[Tutor] overlapping tuples
Mats Wichmann
mats at wichmann.us
Fri Feb 28 20:03:13 EST 2020
On 2/28/20 1:06 PM, Narasimharao Nelluri wrote:
> Hi peter,
>
> Thanks a lot for your inputs, i will work your inputs and let you know. For
> the last question if there is independent over lap for ex: in below case
> python should return [(5,7),(6,8)]
>
> tuple_overlap([(0, 2), (1, 3), (5, 7), (6, 8)])
>
> I tried different combinations as of i didn't get perfect solution.
One of the problems here is we don't have the problem definition -
unless I've missed something, I don't know what "overlap" means, this
question not being precise enough.
A tuple of (0, 2) has two values in it.
A tuple of (1, 3) has two values in it.
None of the values in those two tuples match, so one reading of
"overlap" suggests that there's no overlap between those two.
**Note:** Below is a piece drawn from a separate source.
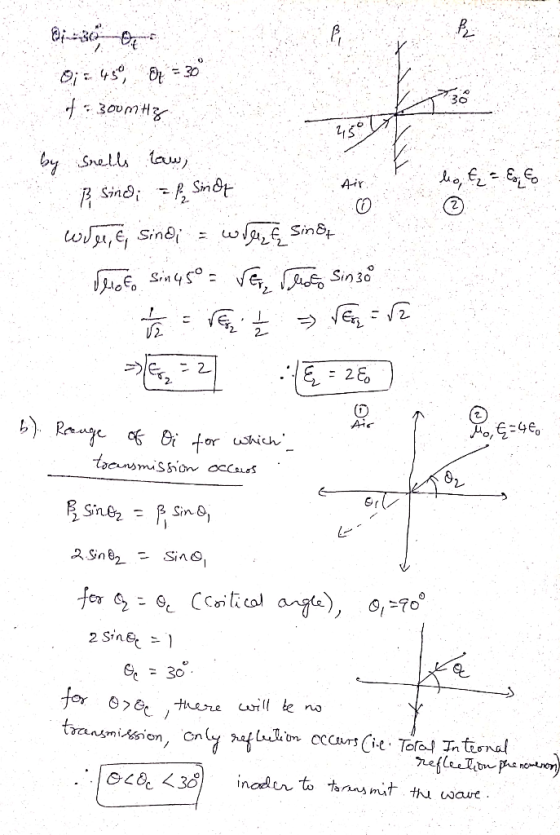 2. 2- 2. 2 Sing, SLOc〈38] İncdn.to tana, nit tNware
Python
supports sets, and in set theory, an "overlap" is the intersection - the
elements that appear in both.
So you could do this:
>>> a = set((0, 1, 2))
>>> b = set((1, 2, 3))
>>> print(b.intersection(a))
set([1, 2])
>>> print a & b
set([1, 2])
But this doesn't _appear_ to be what you're talking about at all.
Instead, it _seems_ your tuples represent ranges of integers, with both
endpoints included. Is that right? That's a different problem. But you
can still use sets to work on this.
Range gives you all the values, but range(x, y) is the values from x up
to but not including y:
>>> print(tuple(range(1, 4)))
(1, 2, 3)
so you want to add one to the end of the range.
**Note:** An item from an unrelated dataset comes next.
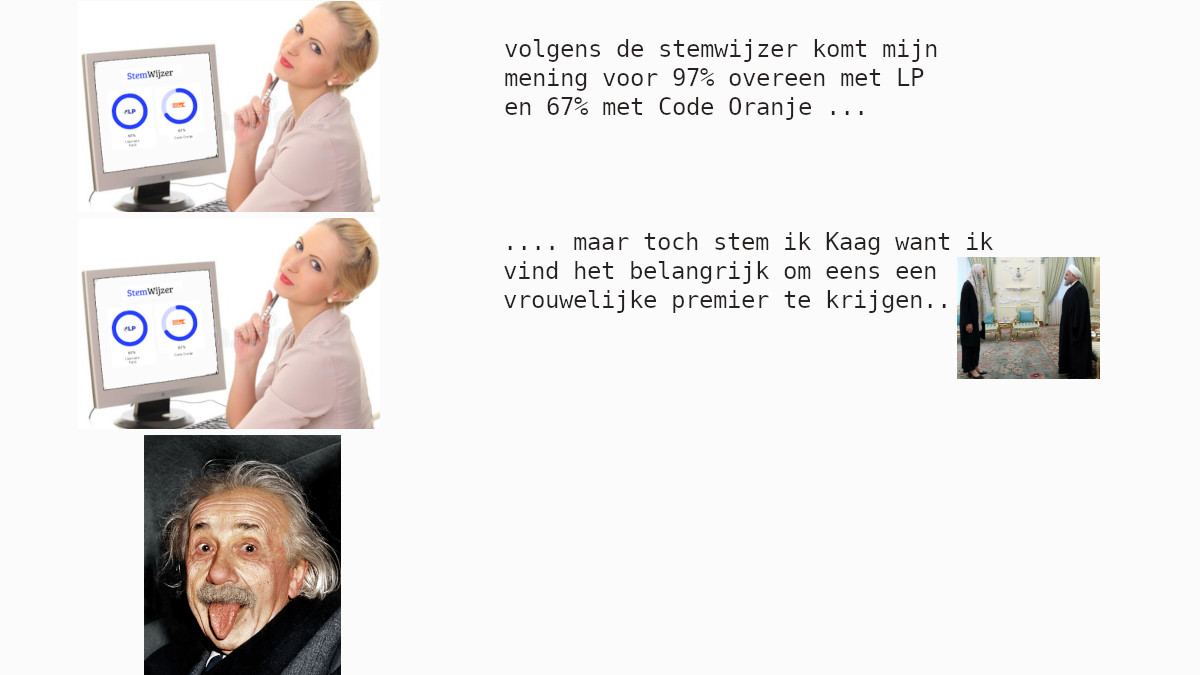 Kiezerslogica #Tk2021 ...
>>> a = set(range(0, 2+1))
>>> b = set(range(1, 3+1))
>>> c = set(range(5, 7+1))
>>> print(a, b, c)
(set([0, 1, 2]), set([1, 2, 3]), set([5, 6, 7]))
>>> print(a & b)
set([1, 2])
>>> print(a & c)
set([])
>>> if a & b:
... print("a and b overlap")
...
a and b overlap
>>> if a & c:
... print("a and c overlap")
...
>>>
Does that help you think about the problem?